We do buy a la carte from King Features - Blondie and Dennis the Menace. But those are legacies from decades. The publisher is afraid that if I ask to even switch to a different strip for the same money, they will use that as an excuse to hike our rates.
In the nine years I’ve been dealing with the comics, I have only been able to convince the editor to add the cost of one new strip, Leigh Rubin’s Rubes, and that was only after a sustained campaign of beautifully parsed logical arguments whining on my part. With declining revenues, that’s not going to happen again.
I was able to make one positive contribution though. Our paper took a major reduction in size earlier this year. That made the six columns of our page layout even narrower. And since comics have long been running in a three-column-wide format, they were set to get significantly smaller. So I did a redesign of the page. We are now running the comics four columns wide, which increased the relative size of each strip from what they were before the downsizing. The other two columns we fill with panel cartoons and the crossword.
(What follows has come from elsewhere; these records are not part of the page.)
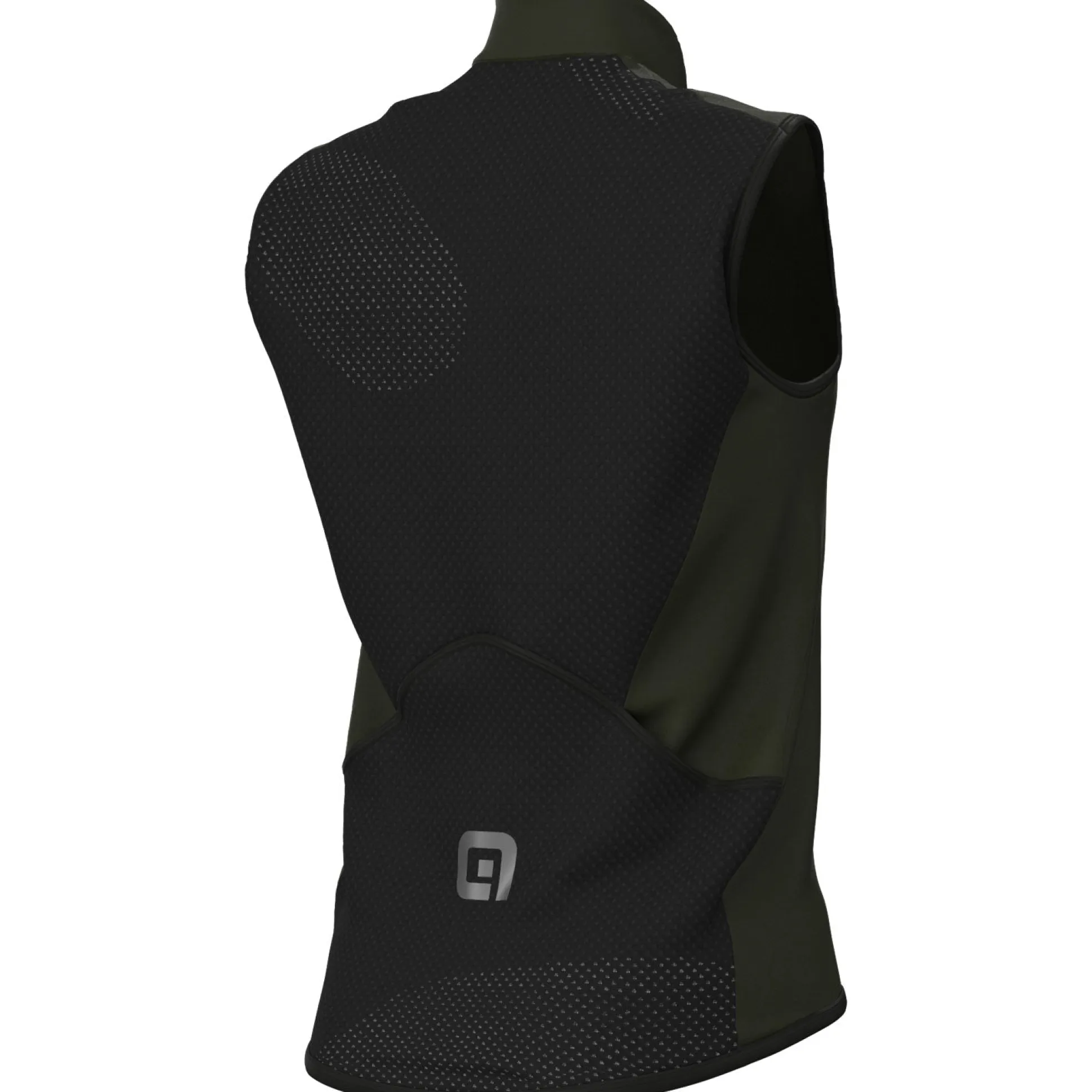 Gilet Ale Guscio Vento 2.0 - Verde scuro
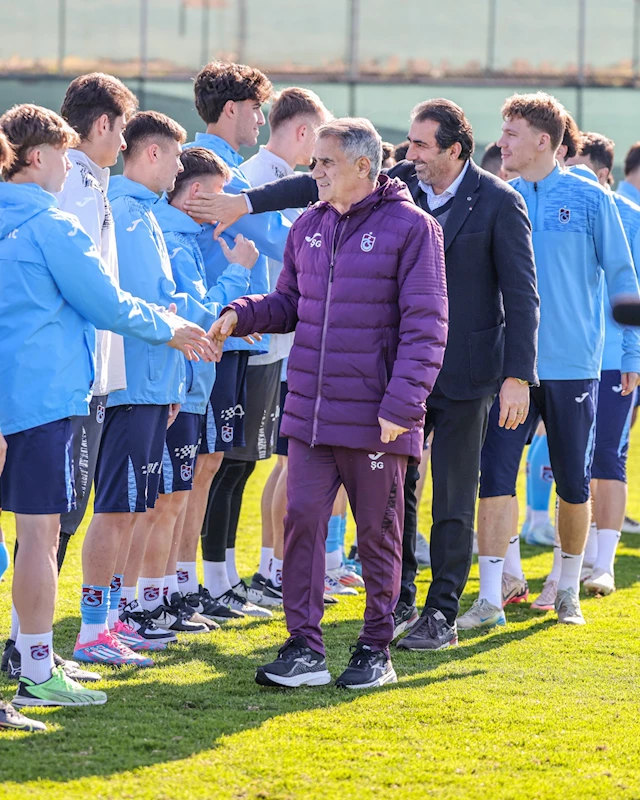 Trabzonspor, Hatayspor maçı hazırlıklarına devam etti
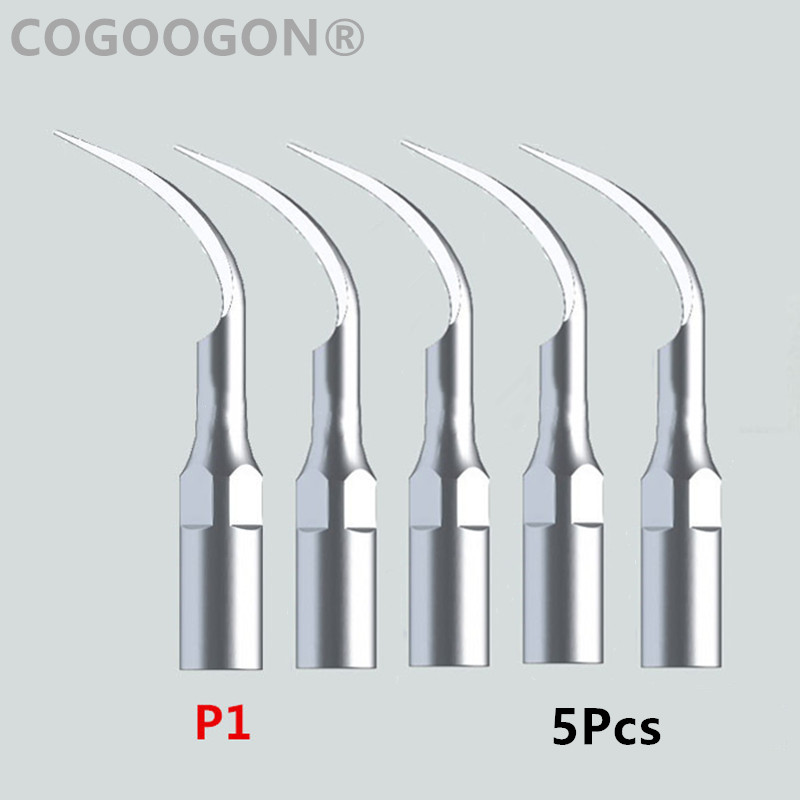 5 buah P1 Scaler gigi ultrason - Teeth Whitening Tips ulasan dan harga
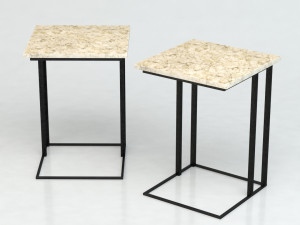 modern table Model 3D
As you can see from the list above, we have a choice of the “classic” or the “tall” Peanuts. Classics are proportioned the way they were before a previous size reduction in the standard newspaper page. The tall ones are proportioned more for skinnier widths.
So I’m running the classic Peanuts across the whole six columns at the top of the page. Not only does it unify the page, but it gives readers a choice. The state’s major daily, which has a decent circulation in our town, just 90 miles from the big city, runs the tall Peanuts, which have a different strip each day than the classic Peanuts. It’s a minor thing, but the reader who buys both the big city daily and ours will see two different Peanuts strip. One tiny incentive to buy us as well.
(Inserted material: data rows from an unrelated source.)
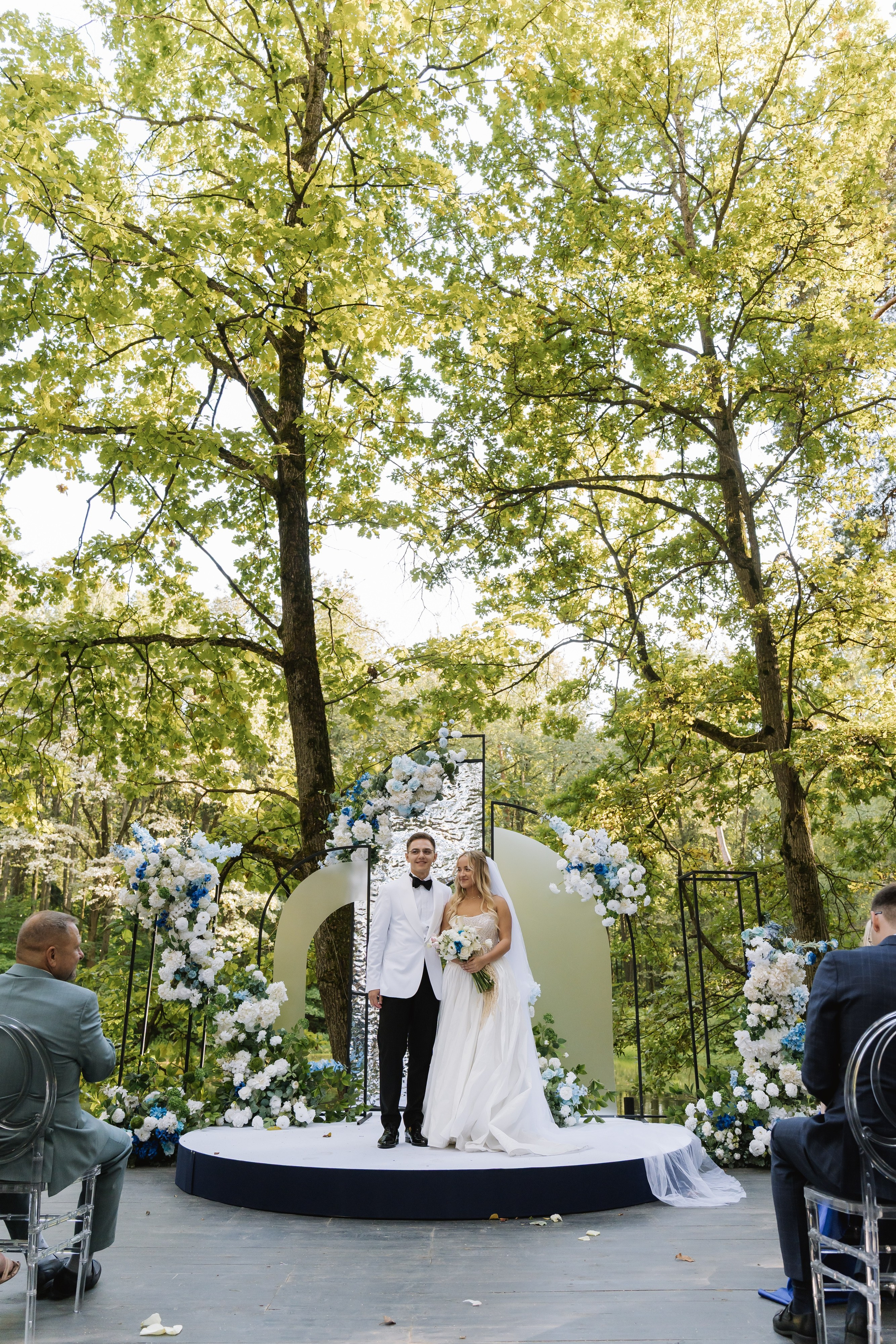 Свадьба Романа и Полины. Свадебный фотограф в Москве Яна Деньгина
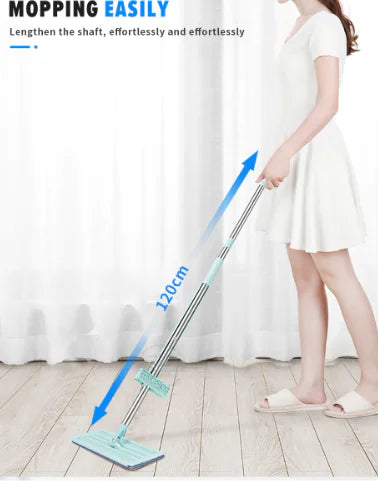 360 Hands-Free Microfiber Floor Mop - Puritific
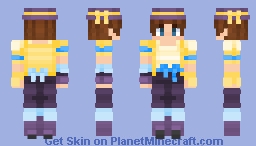 LynxyLiam Showdown - Topaz Troopers Minecraft Skin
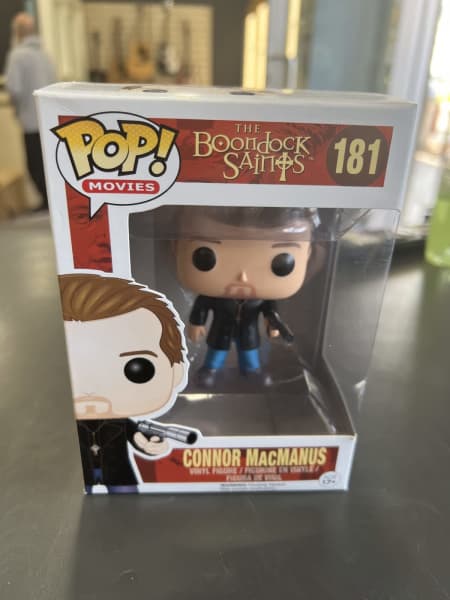 : Funko POP Movies: Boondock Saints Connor MacManus Action Figure  : Funko Pop! Movies: Toys & Games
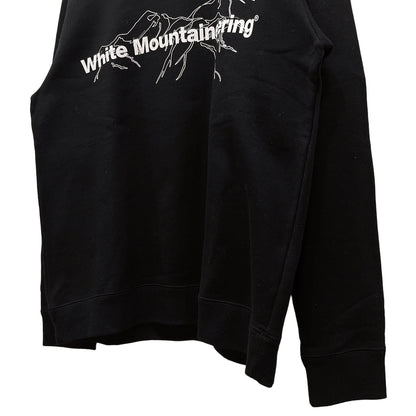 White Mountaineering 20AW Logo Sweatshirt Black Size 2
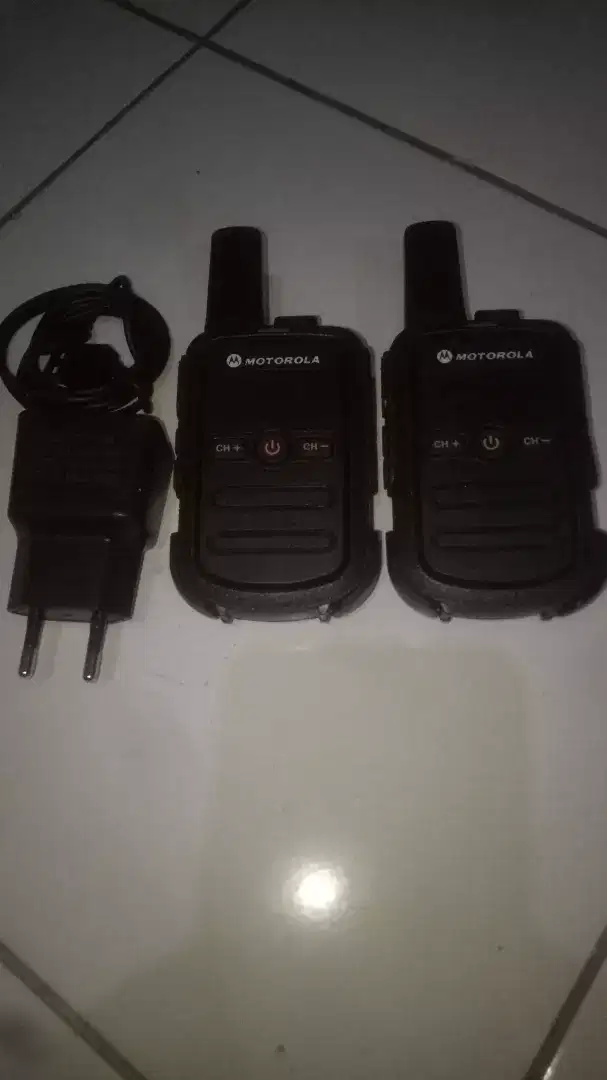 Mini HT walkie-Talkie MOTOROLA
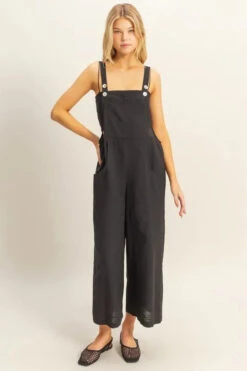 HYFVE Textured Wide Leg Overall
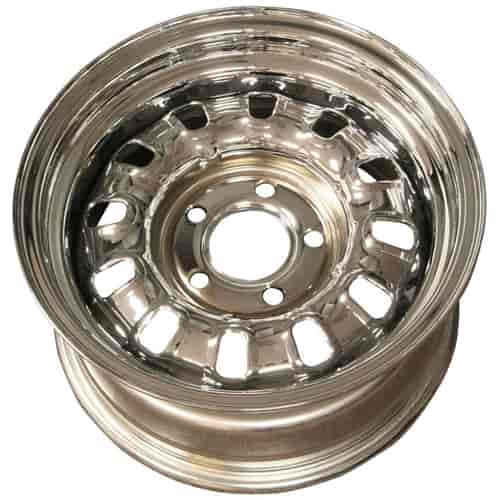 C8OZ Styled Steel Chrome Wheel [Size: 14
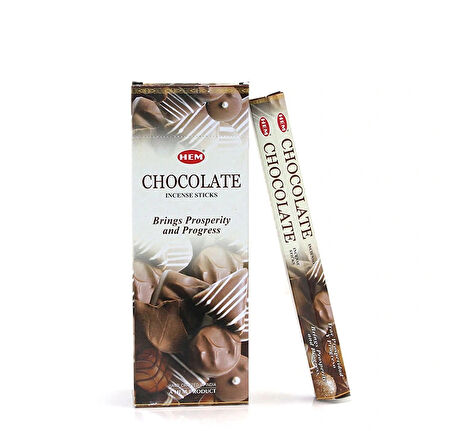 Leyloş Hem Chocolate Aromalı Çubuk Tütsü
People really like the larger sized strips and the way they look on the page, which is some consolation. Now if we could just upgrade the content…
One other development. Creator’s Syndicate now offers newspapers the opportunity to run all of their comics on the newspapers’ websites with no cash out of pocket for the newspapers. They send templates which automatically pick up fresh comics every day. All they want in return is to run an ad on each comics page and take the revenue from that. They also provide space on each comic page for us to sell ads ourselves and keep the revenue. Its an interesting model.
Sreators Syndicate seems to be the most xartoonist friendly of the bunch. Does it seem like that from your perspective, Hometownboy?
Quite the opposite. I’m not informed enough beyond hearsay, but I’ve heard other cartoonists refer to them as “the bottom feeders of the syndicate world.” They’ve been said to offer dirt cheap rates to newspapers for their strips, which, in turn, short-changes the artists.